Adanya karakteristik yang sama pada gerakan-gerakan pembaruan Islam, baik pra-modern maupun modern tersebut, dapat dilihat misalnya pada abad XVII M. Syaikh Ahmad Sirhindi telah meletakan dasar teori reformasi yang sama dengan Ibnu Taimiyah, juga menekankan pelaksanaan ajaran syariah dalam kehidupan sehari-hari. Kemudian gerakan wahabiah pada abad XVIII M yang dipelopori Muhammad bin Abdul Wahab dipandang lebih radikal dan tidak mengenal kompromi terhadap semua pengaruh yang “non Islam” terhadap amal ibadah. Gerakan-gerakan serupa juga muncul di kawasan dunia Islam lainnya. Shah Waliyullah di India abad XVIII M, juga melakukan hal yang sama dengan apa yang dilakukan oleh Syaikh Ahmad dalam sikapnya terhadap ajaran sufi yang menyimpang.

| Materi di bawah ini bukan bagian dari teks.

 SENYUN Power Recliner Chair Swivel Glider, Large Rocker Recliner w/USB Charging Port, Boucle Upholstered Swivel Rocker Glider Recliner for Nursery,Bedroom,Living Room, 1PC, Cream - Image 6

Namun, yang membedakannya dengan pendahulunya, gerakan Shah Waliyullah juga memasuki dunia kehidupan sosial politik, di mana ia menentang ketidakadilan sosial ekonomi yang menimpa rakyat, mengkritik beban pajak yang ditanggung oleh kaum petani, serta menyerukan kaum muslimin untuk menegakkan sebuah negara teritorial di India yang menyatu ke dalam bentuk sebuah kekaisaran yang bersifat internasional.
Gerakan pembaruan pra-modern dengan dasar “kembali kepada al-Qur’an dan al-Sunnah serta ijtihad” sebagaimana di atas, juga me-warnai gerakan pembaruan pada era modern (abad XIX dan XX M). Sebagai misal, gerakan pembaruan yang digerakkan dan dicetuskan oleh Muhammad Abduh, yang dirumuskan dalam empat aspek yaitu: pertama, pemurnian Islam dari berbagai pengaruh ajaran dan pengamalan yang tidak benar (bid’ah dan khufarat); kedua, pembaruan sistem pendidikan tinggi Islam; ketiga, perumusan kembali doktrin Islam sejalan dengan semangat pemikiran modern; keempat, pembelaan Islam terhadap pengaruh-pengaruh dan serangan-serangan Eropa.
Apa yang dilakukan oleh Abduh di atas, menunjukan adanya karakteristik yang sama dengan era sebelumnya, yaitu adanya purifikasionis-reformis. Apa yang dilakukan Abduh hanya sebagai salah satu contoh, tentunya dapat ditemukan juga dalam gerakan dan pemikiran yang dilakukan oleh tokoh lainnya.
Berkaitan dengan kesinambungan karakteristik gerakan pem-baruan Islam baik pra-modern dan modern, menurut Voll dapat terlihat pula pada tiga bidang atau tema yang digelorakan, yaitu: pertama, seruan untuk kembali kepada penerapan ketat al-Qur’an dan Sunnah Nabi; kedua, keharusan adanya ijtihad; ketiga, penegasan kembali keaslian dan keunikan pengalaman Qur’an yang berbeda dengan cara-cara sintesa dan keterbukaan pada tradisi Islam lainnya.
Uraian di atas menunjukan bahwa ide pembaruan Islam yang berlandaskan teologis dan normatif, secara historis menunjukkan relevansi dengan kedua landasan tersebut (teologis dan normatif). Oleh karenanya, gerakan tajdid (pembaruan Islam) memiliki akar historis yang kuat sebagai pijakan bagi kontinuitas gerakan pembaruan Islam kini dan yang akan datang.